## Exercise instructions
Your output should be the lines below from the one with "2014-06-16 - Žďárské" through the one with "Doggone Grateful for You Father's Day Card", copied exactly, pictures excluded.

## Data provided
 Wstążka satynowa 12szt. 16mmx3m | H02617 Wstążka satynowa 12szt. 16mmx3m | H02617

==

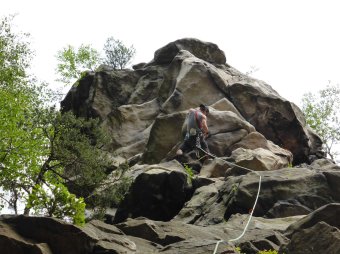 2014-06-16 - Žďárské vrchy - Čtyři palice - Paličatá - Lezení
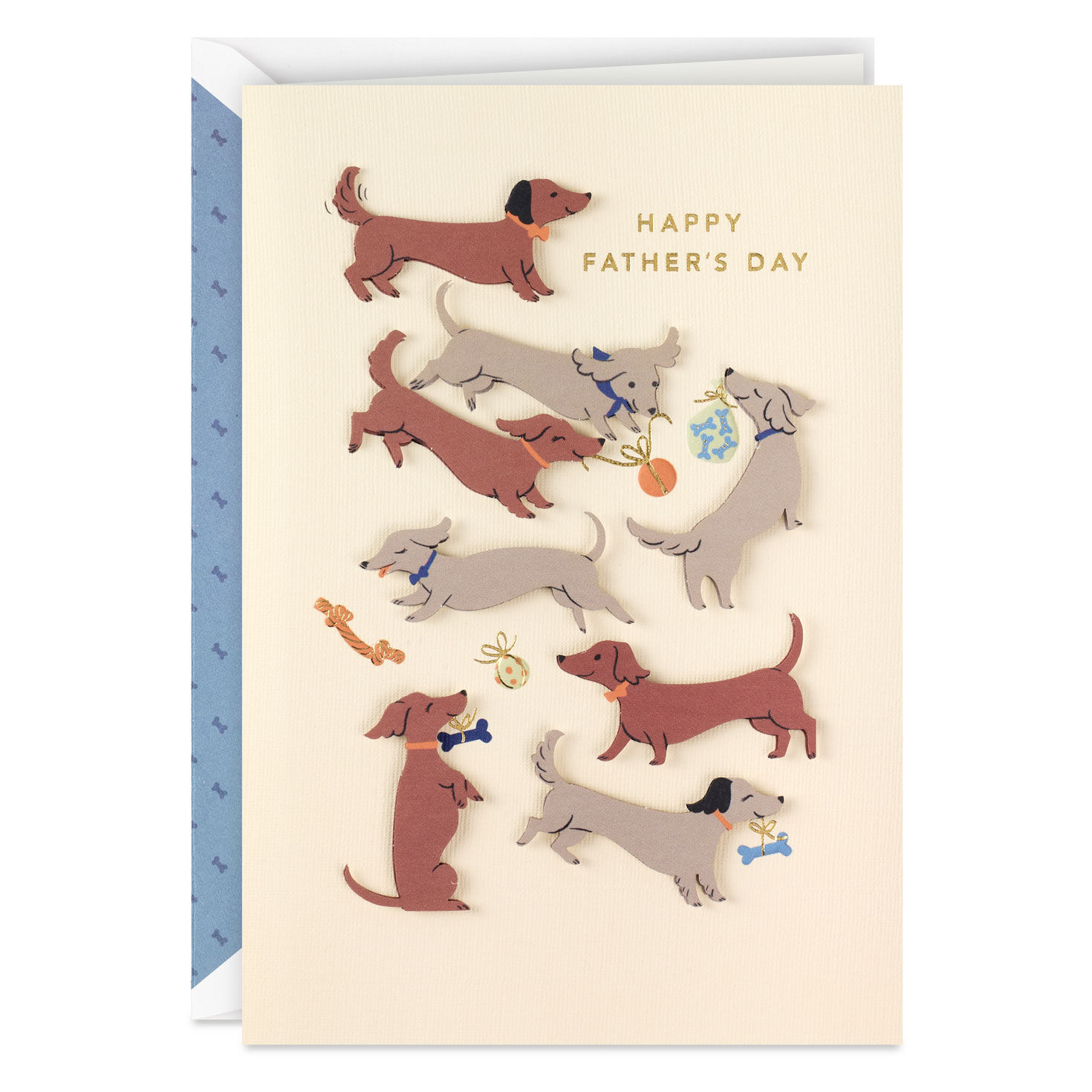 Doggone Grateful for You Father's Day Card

## Response box
 2014-06-16 - Žďárské vrchy - Čtyři palice - Paličatá - Lezení
 Doggone Grateful for You Father's Day Card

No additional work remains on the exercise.